Computer Vision Project

Project 2: Local Feature Matching

Attempt to feature match between similar images.

This purpose of the local feature matching project is to create an image matching pipeline that will match two similar images. These images might be taken from different perspectives and angles and we can see later on that these factors play a heavy role in the success rate. The image matching pipeline can be described as:

Specifically, we start by identifying notable points in the image, which are called feature points.
Then we create a feature descriptor for each feature point, which is a small matrix centered at the respective feature point.
Finally, we will use a matching algorithm to identify the best matches given the descriptors.

Interest Points Retrieval

Specifically, I am using the harris corner feature detection algorithm.
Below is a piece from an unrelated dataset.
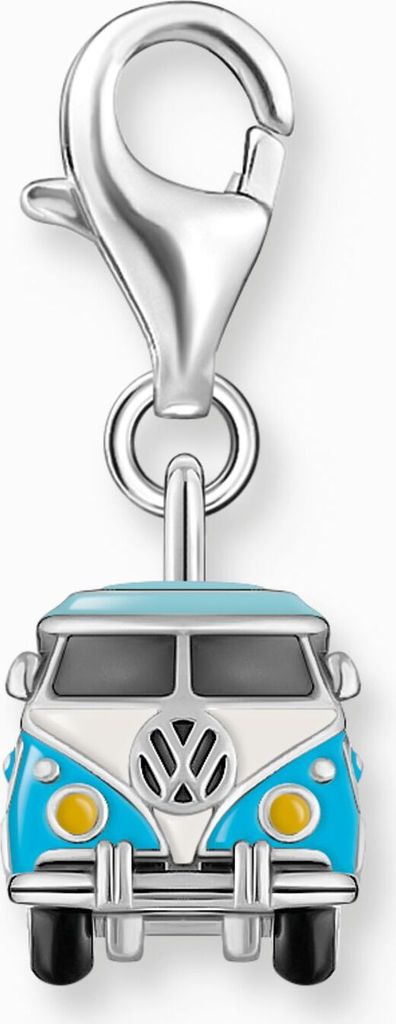 A silver charm in the shape of a blue and white Volkswagen van.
The purpose of an interest point is to find unique and uncommon points that could be used to indetify images, especially when you have a cluster of them. As suggested, this algorithm targets corners as the primary source of feature points, which is since creating a descriptor around it would change greatly if it were to move in any direction. If we had a edge, then it would be similar to another image if we moved an image along the edge direction, and a plane would be even more generic in that it would look like any other plane. In particular, I performed the following steps:

I applied a 'small' gaussian filter onto the image via imfilter
I calculated the horizontal and vertical derivatives of the filtered image by using imgradientxy to create imageX and imageY
I calculated the outer products of imageX and imageY to yield imageXX, imageXY, and imageYY
I then apply each of these above images with a 'larger' gaussian filter
I use the above values to calculate the determinant and the trace of the matrix, and ultimately to find a scalar interest measure via response = determinant - k*traceSquared;
Finally, I use non-max supression to get rid of noise around the corners to highlight a distinct feature point in that local vicinity.
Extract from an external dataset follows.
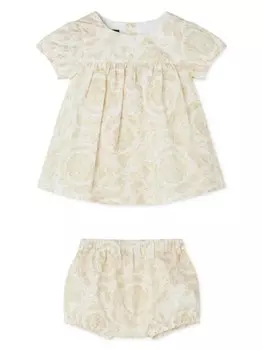 Versace Kids платье с принтом Barocco, нейтральный цвет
%performing non-max supression

padding = feature_width/2;
local_maxes = colfilt(response, [padding padding], 'sliding', @max); 
matched_filter = (response == local_maxes);
nonMaxSupression = response .* matched_filter;

This code above is how i do non-max surpression. I use the convenient matlab method of colfilt on my computed response to perform a sliding window effect of size feature_width/2 x feature_width/2, and calculating the max value in each window. This function makes every value in that window to be the local maxima, which is why i need the following two steps. After that, I create a filter that retrieves all of the coordinates in which there was a local maxima, which i then apply onto my original image so that all of the local maximums are now only found at the correct coordinates.

Feature Point Descriptor Generation

I decided to use the 8 different orientations of a 3x3 sobel filter to represent the 8 gradient directions. I first applied a gaussian filter to smooth out the image, which helps reduce a lot of the noise in the image. I then applied each of the 8 filters onto the image.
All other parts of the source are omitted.